I need an exact copy of the lines from the one containing "this 500×375 image." through the end of the records, without any pictures.

» Extracted entries

◇ ◇ ◇ ◇

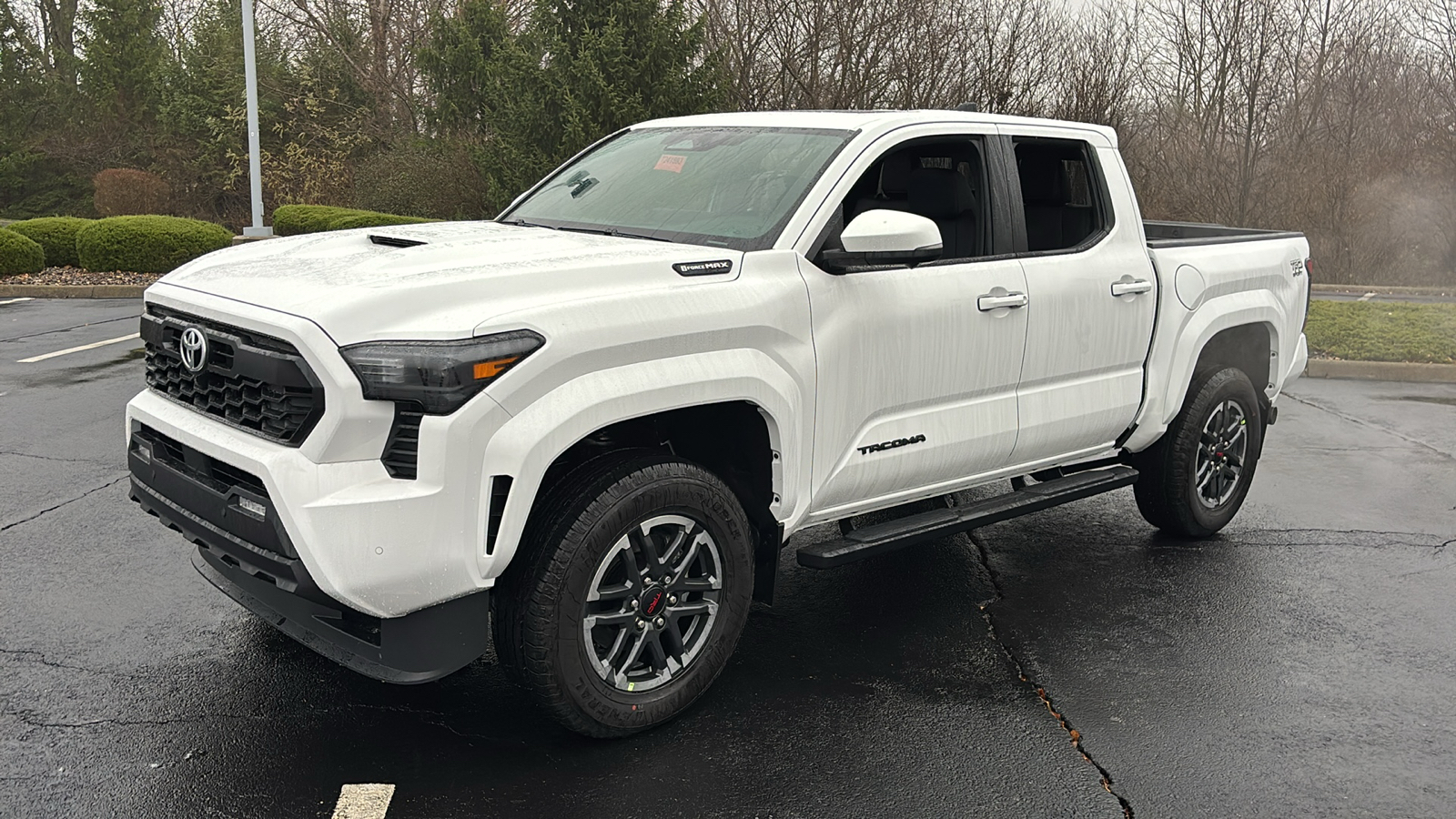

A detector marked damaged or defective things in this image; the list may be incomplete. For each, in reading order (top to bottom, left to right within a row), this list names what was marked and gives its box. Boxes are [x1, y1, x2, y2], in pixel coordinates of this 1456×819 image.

crack in asphalt [1287, 393, 1456, 463]
crack in asphalt [0, 469, 127, 533]
crack in asphalt [0, 643, 145, 676]
crack in asphalt [966, 524, 1136, 810]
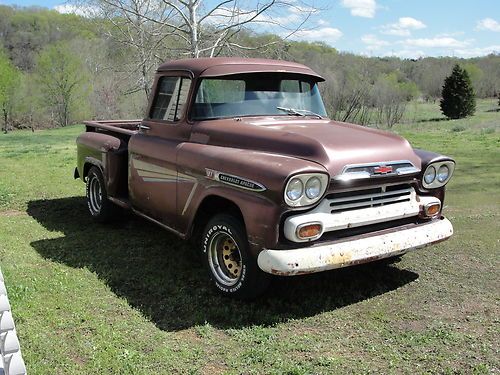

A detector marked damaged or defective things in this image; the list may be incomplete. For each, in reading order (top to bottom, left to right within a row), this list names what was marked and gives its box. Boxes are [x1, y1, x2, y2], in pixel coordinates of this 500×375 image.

rusty wheel well [190, 195, 245, 242]
rusty chrome bumper [258, 217, 454, 276]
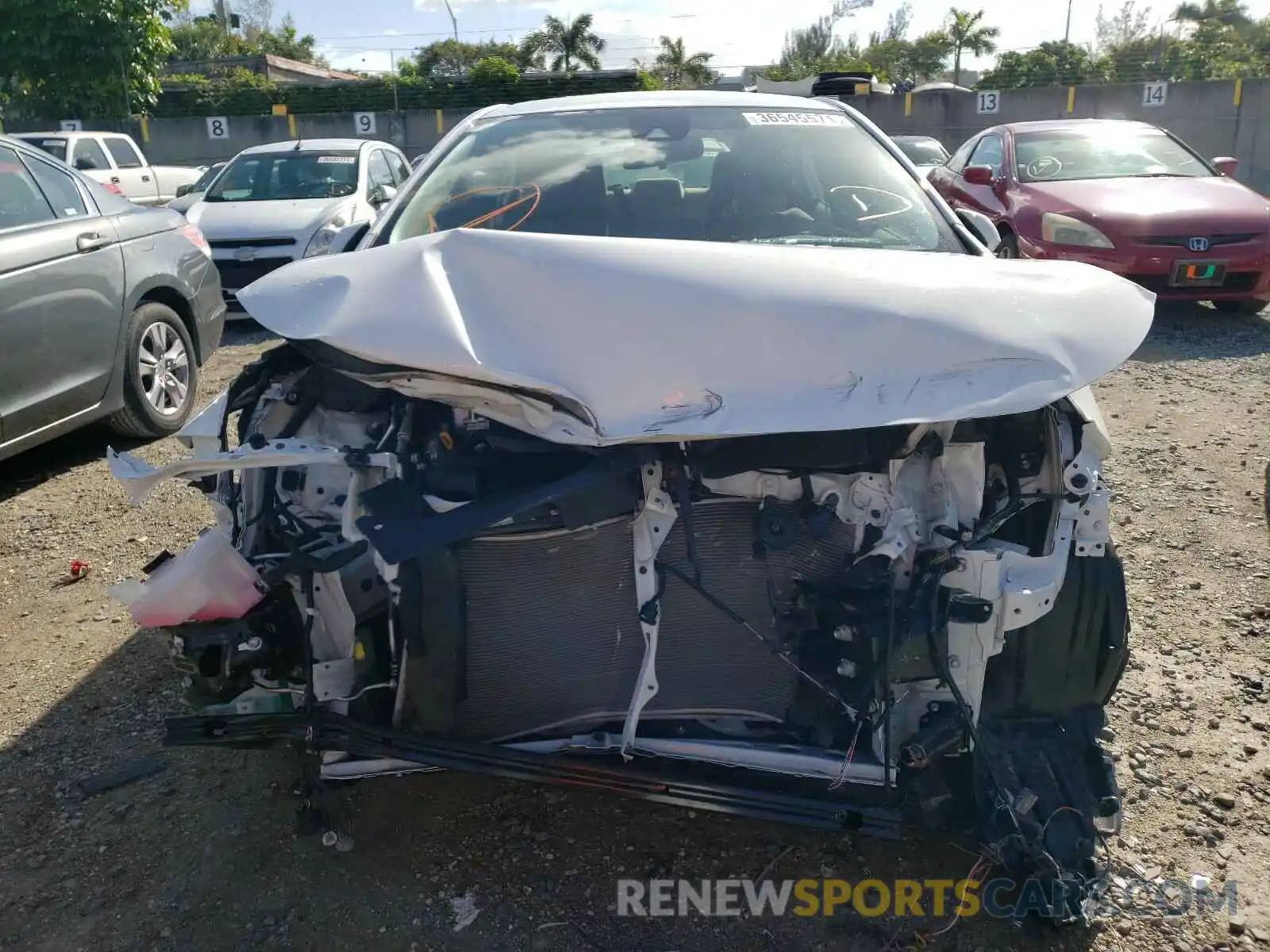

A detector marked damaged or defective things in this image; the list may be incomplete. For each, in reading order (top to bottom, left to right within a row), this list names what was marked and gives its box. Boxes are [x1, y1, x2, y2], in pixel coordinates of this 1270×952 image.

torn sheet metal [233, 228, 1158, 447]
crumpled car hood [233, 229, 1158, 447]
wrecked white sedan [114, 91, 1158, 923]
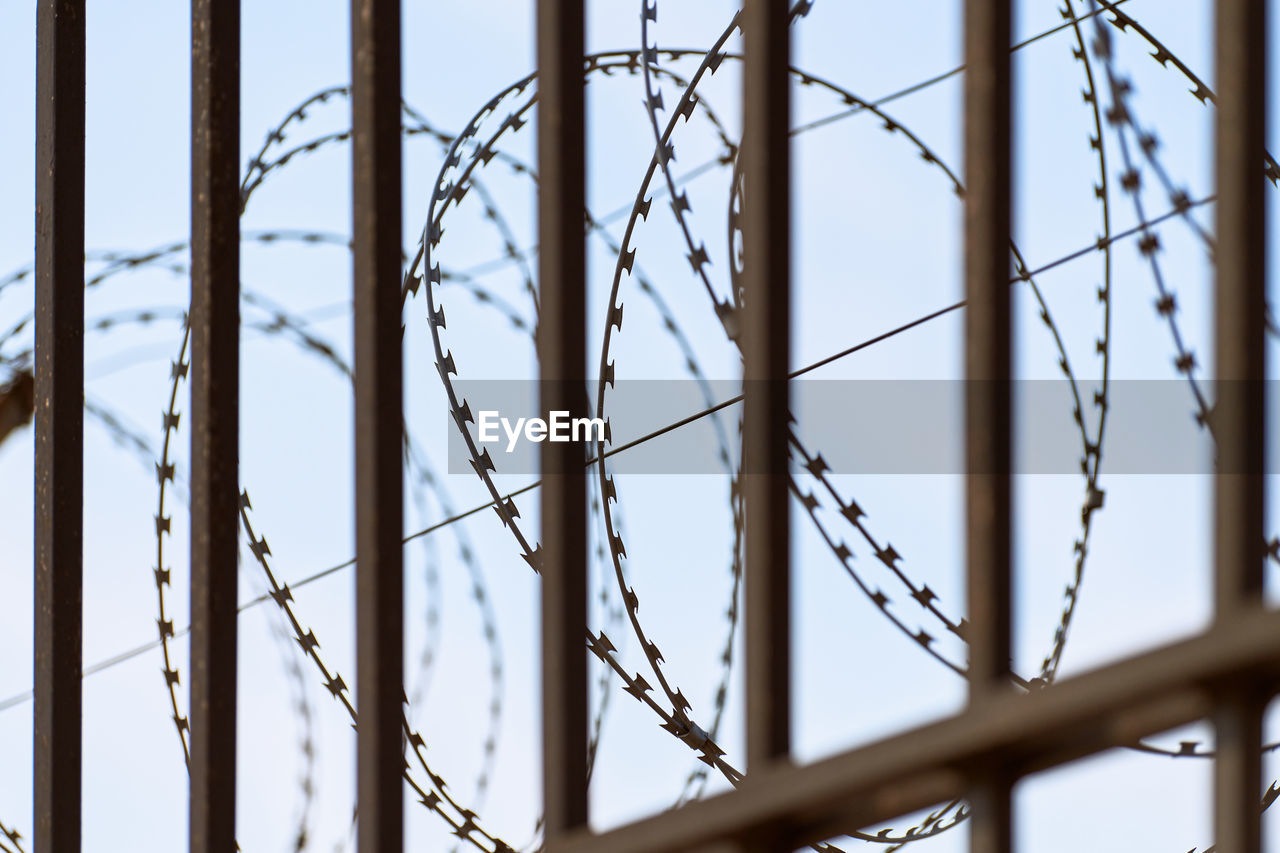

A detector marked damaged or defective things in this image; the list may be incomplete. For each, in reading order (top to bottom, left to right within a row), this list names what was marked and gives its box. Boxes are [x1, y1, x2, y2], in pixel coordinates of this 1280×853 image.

rusty metal bar [32, 3, 83, 845]
rusty metal bar [188, 3, 240, 845]
rusty metal bar [350, 1, 404, 850]
rusty metal bar [535, 0, 588, 835]
rusty metal bar [742, 0, 788, 783]
rusty metal bar [552, 604, 1280, 850]
rusty metal bar [962, 0, 1013, 845]
rusty metal bar [1208, 0, 1269, 845]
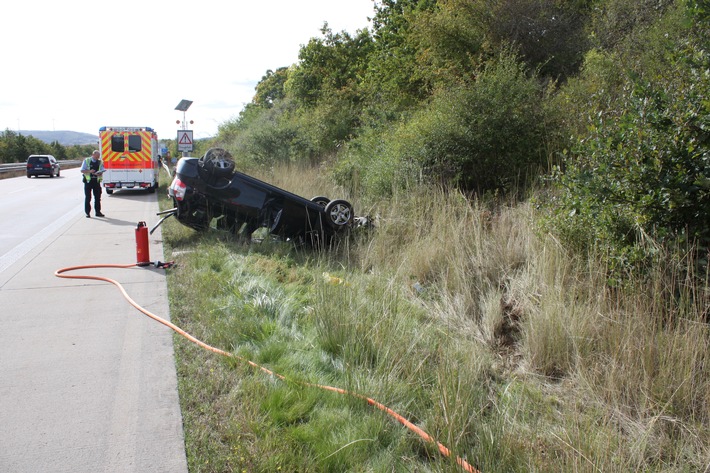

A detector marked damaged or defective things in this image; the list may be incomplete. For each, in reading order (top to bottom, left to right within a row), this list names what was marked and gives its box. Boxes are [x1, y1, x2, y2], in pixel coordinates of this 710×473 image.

overturned black car [156, 148, 356, 243]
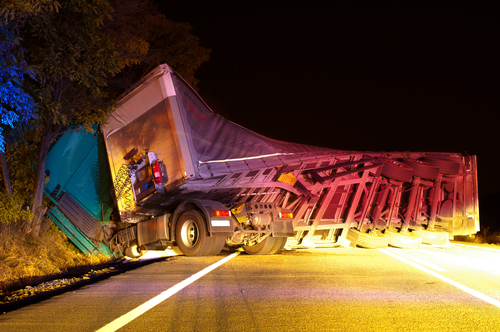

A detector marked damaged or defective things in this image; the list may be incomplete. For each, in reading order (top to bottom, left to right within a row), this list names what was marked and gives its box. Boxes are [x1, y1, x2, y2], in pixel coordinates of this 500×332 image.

◇ ◇ ◇ ◇

» Exercise output
A detector marked damaged or defective things in this image; the list may be incomplete. For each, in reading order (top to bottom, left to right within a row), this list names what was marked and gives its box. Boxes are [x1, y1, x2, y2], in pixel coordinates of this 500×375 image.

rusty wheel well [190, 195, 245, 242]
rusty chrome bumper [258, 217, 454, 276]

A detector marked damaged or defective things in this image; the list may be incomplete. For each, in reading order (top to bottom, left to right within a row), this list names what was marked and gives its box. Boxes are [x1, y1, x2, y2], in pixel coordinates of this 1270×952 image.

torn sheet metal [233, 228, 1158, 447]
crumpled car hood [233, 229, 1158, 447]
wrecked white sedan [114, 91, 1158, 923]

A detector marked damaged or defective things in this image; the list may be incomplete. For each, in reading order (top to bottom, left to right within a row), this list names what was marked and gives its box. Boxes are [x1, y1, x2, y2], in pixel coordinates of this 1280×853 image.

rusty metal bar [32, 3, 83, 845]
rusty metal bar [188, 3, 240, 845]
rusty metal bar [350, 1, 404, 850]
rusty metal bar [535, 0, 588, 835]
rusty metal bar [742, 0, 788, 783]
rusty metal bar [552, 604, 1280, 850]
rusty metal bar [962, 0, 1013, 845]
rusty metal bar [1208, 0, 1269, 845]

A detector marked damaged or defective things in this image; the list may be incomplete. For each, in reading order (top to bottom, left to right within a row), this list names what was marked and gives its box. Boxes are [x1, y1, x2, y2], in pixel coordinates of this 710×473 image.

overturned black car [156, 148, 356, 243]

A detector marked damaged or defective things in this image; the list may be incomplete. For each, in reading order (top to bottom, left to right within a row), this list names what was marked and gives its box. Boxes are [x1, y1, x2, y2], in pixel coordinates of this 500×332 image.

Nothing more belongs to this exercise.